J’ai réfléchi, sur le chemin qui me ramenait au portail. Je ressentais comme une profonde injustice cet opprobre que nous portions tel un fardeau, tout ça pour une mauvaise décision prise par un ancêtre à une lointaine époque. Depuis lors, ma famille a fait montre d’une loyauté et d’une piété exemplaires. Pas le moindre soupçon d’hérésie ou de pratique occulte douteuse depuis des générations. Le sort aussi s’est acharné, avec la fermeture de la carrière, notre dernière véritable source de revenus. Et mon grand-père, qui a versé son sang et celui de deux de ses fils pour défendre Kaltfel de la dernière tentative d’annexion du géant himmlandais. Père en est revenu boiteux. N’est-il pas temps de pardonner ?

Les chasses aux sorcières sont finies, les temps ont changé et une idée a germé, a peu à peu pris forme. L’époque est certes différente. De nos jours, les marchands et les guildes sont aussi puissants que les barons. Les titres de noblesse n’assurent plus le prestige et, à l’inverse, l’or voyage dans des bourses toutes roturières. La prospérité n’est plus l’apanage du propriétaire terrien… à moins bien sûr de disposer sur son domaine d’une mine d’essence. L’époque actuelle en est friande.

Mon enthousiasme retrouvé, j’ai rejoint la chambre de Mère pour partager mes réflexions. J’ai tout de suite su que mon idée ne remporterait pas son adhésion. Le regard navré d’Heinrich, croisé dans l’escalier, m’avait déjà mis la puce à l’oreille. Elle était contrariée. Je n’étais pas venu pour la lever et lui servir son déjeuner. J’ai tenté de présenter mon projet pour l’avenir de la famille comme une généreuse compensation pour mon absence. Une manière de dire que ça en avait valu la peine. Or je n’ai eu droit qu’à un « Tu es bien un rêveur comme ton père ! », agrémenté de commentaires acides sur ma naïveté et de tout le mépris dont elle est capable. Selon elle, je ferais mieux de prier à la chapelle pour un bon mariage que d’échafauder des projets insensés.
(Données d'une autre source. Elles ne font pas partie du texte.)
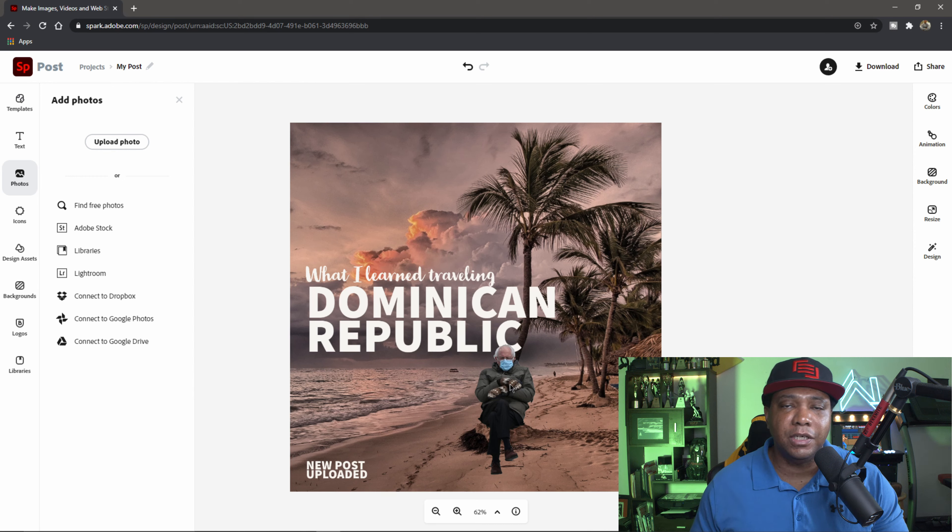And then there you go. So now you have a thumbnail: What I learned traveling the Dominican Republic featuring Bernie Sanders. And it's quick and easy. And there you go. That's how you auto remove a background out of your image.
Mère a toujours été dure et autoritaire. Mais cette fois, je ne compte pas m’incliner. Elle a eu sa chance. Elle a géré le domaine à sa manière, dès avant la mort de Père. Elle est aujourd’hui confinée dans sa chambre et c’est à mon tour de prendre les choses en main. Je vais me montrer digne de mon héritage et lui prouver que j’ai l’étoffe d’un seigneur du Rosier.

L’orage approche. Les premières gouttes martèlent à la fenêtre. Il me semble aussi avoir entendu Mère appeler. Ses douleurs l’ont peut-être réveillée. Ou alors, ce sont les plaintes du vent qui s’engouffre dans l’aile nord. Difficile à dire, car le manoir a tendance à pleurer sous les bourrasques et lorsque je suis allé la voir, elle paraissait dormir, quoique d’un sommeil agité. Mais le jour viendra où le doute ne sera plus permis, où l’aile nord sera restaurée, où nous aurons à nouveau une salle de bal, où les convives se bousculeront chez nous. Et ce jour approche à grands pas.